Last night there was a very cogent tweet by Jeffrey Goldberg that upset Peter Beinart:
There are two options. If Goldberg is correct, then J-Street calling themselves "pro-Israel" is an absurdity - you cannot be pro-Israel when almost all Israelis disagree.
If Beinart is correct, then I can say with more certainty that I am pro-Palestinian.
After all, according to Beinart, it is up to individuals to define whether they are pro- or anti-something, and objective reality is not relevant.
I support the right of Palestinian Arabs to live in peace and security in any Arab country without discrimination. I support equal rights for Arab citizens of Israel. I support helping the economy of the territories. I am very opposed to Arab discrimination against Palestinians. I condemn how Lebanon and Egypt and Jordan and Gulf countries treat Palestinians as second class citizens.
Therefore, I am pro-Palestinian, by Peter Beinart's definition..

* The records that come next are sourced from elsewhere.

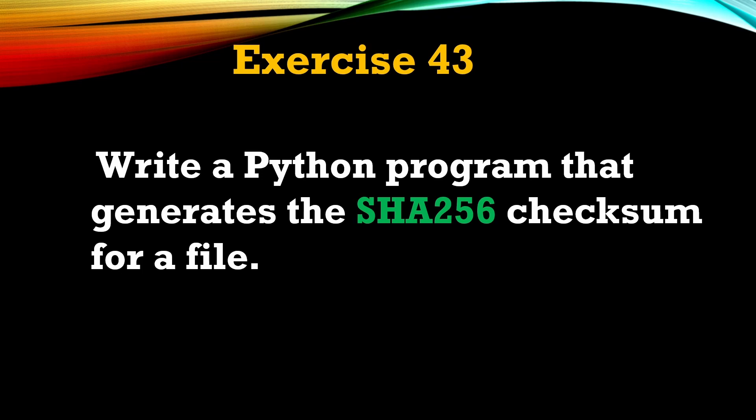Hey everyone, welcome back to Python for Beginner series. This is going to be our video number 43. Here is our question: write a Python program that generates the SHA256 checksum for a file.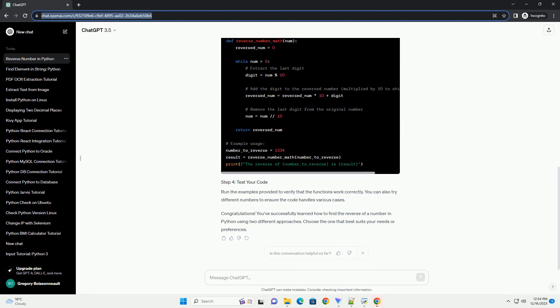Run the examples provided to verify that the functions work correctly. You can also try different numbers to ensure the code handles various cases.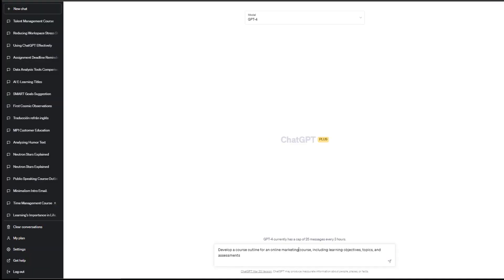Prompt number two: curriculum design. How to create an outline for my courses. For example, develop a course outline for an online course. Now, right here, you need to specify the subject. So for us, it's a marketing course, including learning objectives, topics, and assessments.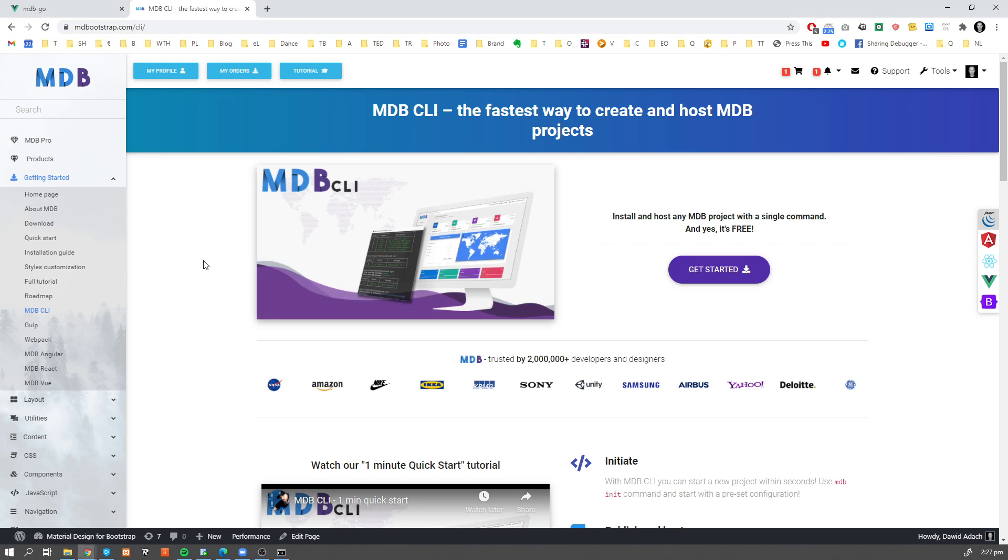Hey guys, it's David from mdbootstrap.com and in this video I'm gonna show you the fastest way to deploy your backend project, which relies on either Node or PHP. So without further ado, let's get started.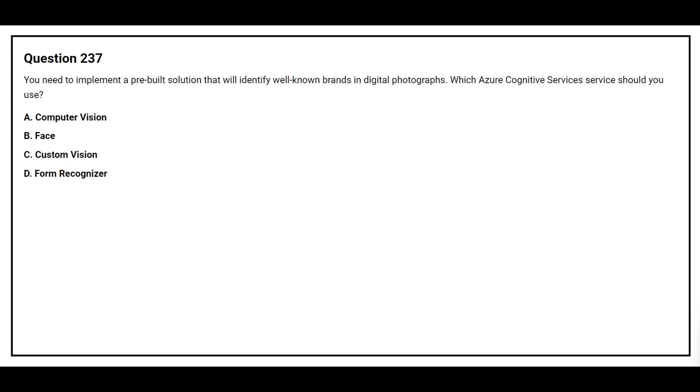Question number 237. You need to implement a pre-built solution that will identify well-known brands in digital photographs. Which Azure Cognitive Services service should you use? Option A: Computer Vision. Option B: Face. Option C: Custom Vision. Option D: Form Recognizer. The correct answer is option A: Computer Vision.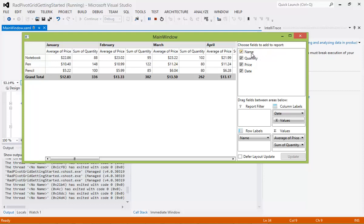We have our name, quantity, price, and date. All of these were created inside of our class. But we can also drag fields between areas displayed below.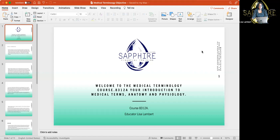Hello, everyone. How are you? This is Ms. Lambert. I am your educator for Sapphire Physician Coding.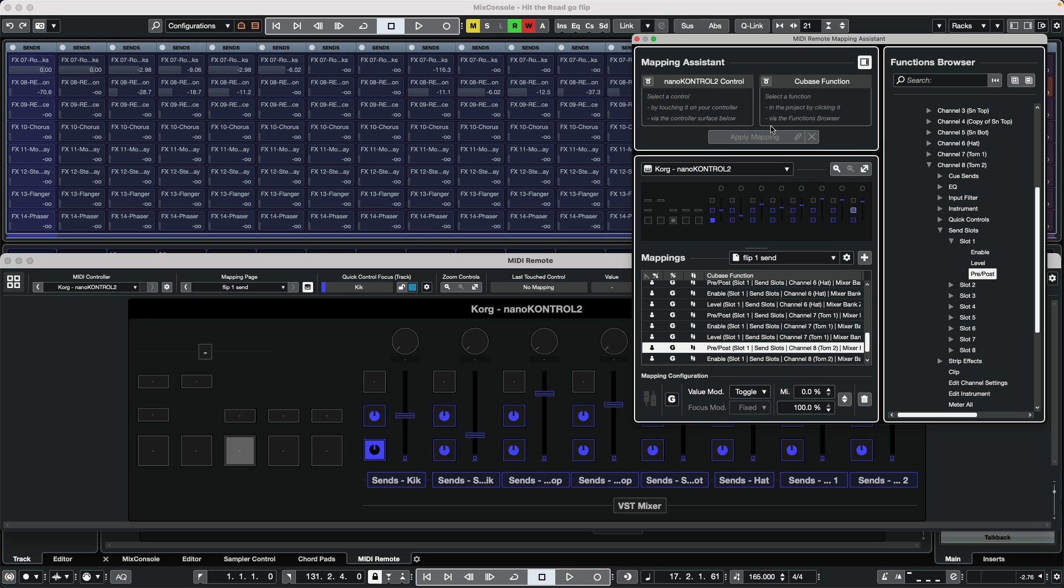So we've assigned that. Now obviously our project has more than eight channels, so we have eight channels defined. So how can we get to channels 9 through 16, 17 through 24?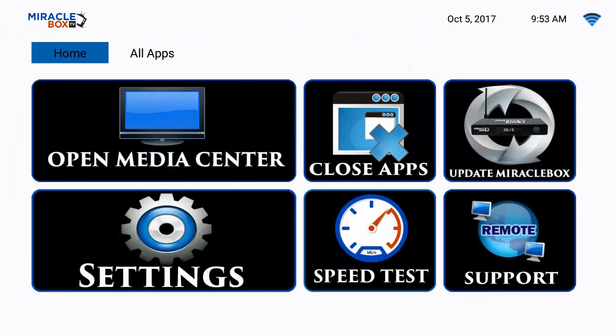Welcome ladies and gentlemen to another tutorial video. We're going to show you how to upgrade to Kodi 17.4 and how to update your Media Center. So if you are ready to roll, grab your remotes and we're going to get right into this.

And my pro-Palestinian credentials actually outweigh J-Street's pro-Israel credentials, because I have lots of examples of Palestinians who (among themselves) agree with everything I just wrote, while J-Street will have to dig around the extreme Left of Israeli politics to find those who agree with them concerning Iran.
The fundamental question is whether being "pro-" something is objective or self-defining.
By objective standards, J-Street cannot claim to be pro-Israel if actual Israelis who have to live with the consequences of J-Streets positions consistently disagree with them group.
By Peter Beinart's standards, if someone wants to claim to be pro-Israel then they are. Presto!